I've done 100kg for 1rep on decline bench twice

At the moment my diet isn't consistent enough for strength gain :/

Deadlift 155kg for 1 but it wasn't the greatest form

Never gone for max squat, my posture is too bad


----------



## KitchenGuy

Never tried doing a one rep max!! whats the point?

I squat 110 for 10, bench 75 for 10 and deadlift 110 for 10

Im only @ about 11.8st and no-one does deadlifts at my gym, all posers.....

Never use flat bench for chest so thats why its so low


----------



## Snorbitz1uk

Did 140 decline bench 2 days ago for 2 reps. Was pretty scary with nobody to spot me


----------



## FLEX-ERAZ

DL 190x4

SQUAT 140 x6

Bench 100kg x4


----------



## Ballin

LOL I know your pain dude....deadlifted for 230kg for 2 reps last week and my missus just looked at me...had to translate it as "4 of her" before she appreciated :lol:


----------



## Ballin

Snorbitz1uk said:


> Did 140 decline bench 2 days ago for 2 reps. Was pretty scary with nobody to spot me


That moment where you realise "****e I am stuck" is probably the most lonely and isolated places.

Went for a 170kg bench a few weeks back and the bar come down fine a few inches up and I realised it werent happening then I closed my eyes and just thought this is it haha luckily a few guys came over as my 75kg spotter was some what over whelmed!


----------



## silver

240kg deadlift, 220kg squat for 3


----------



## tiny76

Squat day for me tomorrow so I will be posting a PB for definite.


----------



## guvnor82

tiny76 said:


> Squat day for me tomorrow so I will be posting a PB for definite.


What you aiming for?


----------



## puurboi

Few weeks ago i hit a 2RM for 180kg on deadlifts. Very proud of that.
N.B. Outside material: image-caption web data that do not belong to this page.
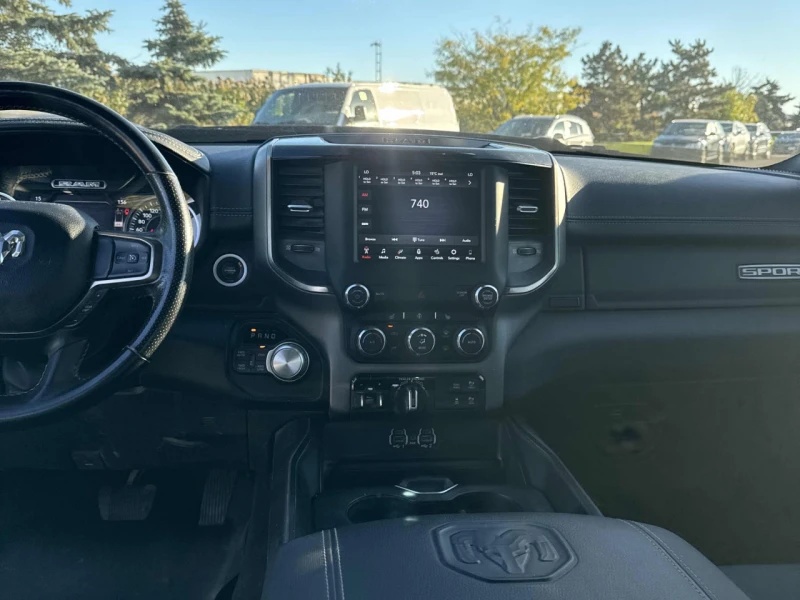 Dodge RAM 1500 CARFAX* АВТОФИНАНСИРАНЕ* БЕЗ ПЪРВОНАЧАЛНА ВНОСКА* , снимка 8 - Автомобили и джипове - 52835230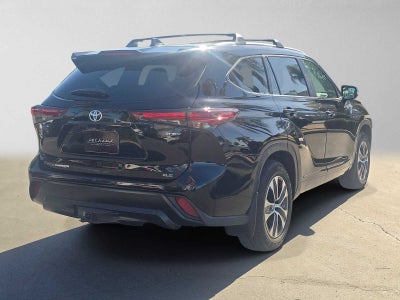 2025 Toyota Highlander Hybrid XLE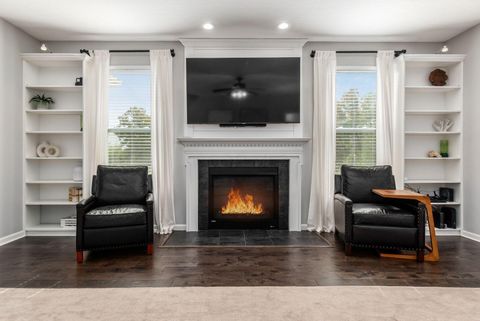 Tiny photo for 169 Chestnut Commons Drive, Commercial Point, OH 43116 (MLS # 225037180)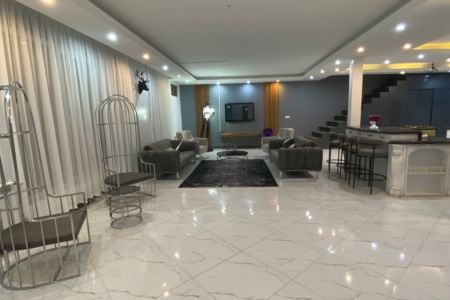 ویلا استخردار در رودهن - خورین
Going to try for 200kg come Christmas time


----------



## Viking88

Bench 170kg as of Wednesday, deadlift 215kg as of Monday and 190kg squat as of tonight.

Hell yeah!

:thumb:


----------



## MRSTRONG

3 [email protected] two pizzas and 4 litres of milk .


----------



## MRSTRONG

And videos of lifts or no lift


----------



## Viking88

ewen said:


> 3 [email protected] two pizzas and 4 litres of milk .


Marcos? :lol:


----------



## Patsy

Isnt that what journals are for lol?


----------



## guvnor82

PatWelsh said:


> Isnt that what journals are for lol?


Nah this is different no having 2 wright up diet or routine just a happy place where you can get a pat on the back for your hard work


----------



## BestBefore1989

Squat - achieved 200kg 20/10/12






Bench - achieved 125Kg 25/10/12

(sorry no video)

Dead Lift - achieved 205Kg 21/09/12






Press - achieved 75Kg 28/10/12


----------



## chrisch

Wednesday I got 55kg for 5 reps on DB shoulder press and Friday I got 160kg for 3 reps on bench press.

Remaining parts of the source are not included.